Referring expression grounding data:
=-=-=-=-=

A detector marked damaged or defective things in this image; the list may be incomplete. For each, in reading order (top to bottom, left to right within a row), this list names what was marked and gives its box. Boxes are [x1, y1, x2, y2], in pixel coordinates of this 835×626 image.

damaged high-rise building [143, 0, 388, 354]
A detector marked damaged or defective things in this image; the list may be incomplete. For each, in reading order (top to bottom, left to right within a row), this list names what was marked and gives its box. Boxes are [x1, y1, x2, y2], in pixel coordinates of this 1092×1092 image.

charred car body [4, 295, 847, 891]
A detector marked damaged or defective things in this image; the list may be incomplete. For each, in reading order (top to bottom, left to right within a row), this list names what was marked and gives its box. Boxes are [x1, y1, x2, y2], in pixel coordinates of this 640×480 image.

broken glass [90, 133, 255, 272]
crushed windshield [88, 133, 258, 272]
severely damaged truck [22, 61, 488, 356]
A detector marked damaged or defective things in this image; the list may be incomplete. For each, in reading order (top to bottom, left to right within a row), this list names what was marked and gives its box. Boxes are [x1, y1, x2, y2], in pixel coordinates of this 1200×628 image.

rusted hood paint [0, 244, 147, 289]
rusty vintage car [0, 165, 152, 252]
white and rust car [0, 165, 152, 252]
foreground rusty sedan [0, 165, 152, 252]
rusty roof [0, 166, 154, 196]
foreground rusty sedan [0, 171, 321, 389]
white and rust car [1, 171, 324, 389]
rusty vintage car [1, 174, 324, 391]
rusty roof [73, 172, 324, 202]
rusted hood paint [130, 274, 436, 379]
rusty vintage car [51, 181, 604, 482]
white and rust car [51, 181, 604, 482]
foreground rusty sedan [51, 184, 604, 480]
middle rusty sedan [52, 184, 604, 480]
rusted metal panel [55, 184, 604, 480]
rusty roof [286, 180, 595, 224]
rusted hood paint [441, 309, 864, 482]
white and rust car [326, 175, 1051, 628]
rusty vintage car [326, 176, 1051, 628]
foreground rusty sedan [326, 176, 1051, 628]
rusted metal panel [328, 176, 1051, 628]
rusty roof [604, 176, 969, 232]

=-=-=-=-=

No line before the one with "this 1092×1092 image." belongs in the answer; copy that line and the rest of the records exactly.

SOLUTION TO THIS EXERCISE
A detector marked damaged or defective things in this image; the list may be incomplete. For each, in reading order (top to bottom, left to right within a row), this list names what was marked and gives its box. Boxes are [x1, y1, x2, y2], in pixel coordinates of this 1092×1092 image.

charred car body [4, 295, 847, 891]
A detector marked damaged or defective things in this image; the list may be incomplete. For each, in reading order (top to bottom, left to right within a row), this list names what was marked and gives its box. Boxes are [x1, y1, x2, y2], in pixel coordinates of this 640×480 image.

broken glass [90, 133, 255, 272]
crushed windshield [88, 133, 258, 272]
severely damaged truck [22, 61, 488, 356]
A detector marked damaged or defective things in this image; the list may be incomplete. For each, in reading order (top to bottom, left to right within a row), this list names what was marked and gives its box. Boxes are [x1, y1, x2, y2], in pixel coordinates of this 1200×628 image.

rusted hood paint [0, 244, 147, 289]
rusty vintage car [0, 165, 152, 252]
white and rust car [0, 165, 152, 252]
foreground rusty sedan [0, 165, 152, 252]
rusty roof [0, 166, 154, 196]
foreground rusty sedan [0, 171, 321, 389]
white and rust car [1, 171, 324, 389]
rusty vintage car [1, 174, 324, 391]
rusty roof [73, 172, 324, 202]
rusted hood paint [130, 274, 436, 379]
rusty vintage car [51, 181, 604, 482]
white and rust car [51, 181, 604, 482]
foreground rusty sedan [51, 184, 604, 480]
middle rusty sedan [52, 184, 604, 480]
rusted metal panel [55, 184, 604, 480]
rusty roof [286, 180, 595, 224]
rusted hood paint [441, 309, 864, 482]
white and rust car [326, 175, 1051, 628]
rusty vintage car [326, 176, 1051, 628]
foreground rusty sedan [326, 176, 1051, 628]
rusted metal panel [328, 176, 1051, 628]
rusty roof [604, 176, 969, 232]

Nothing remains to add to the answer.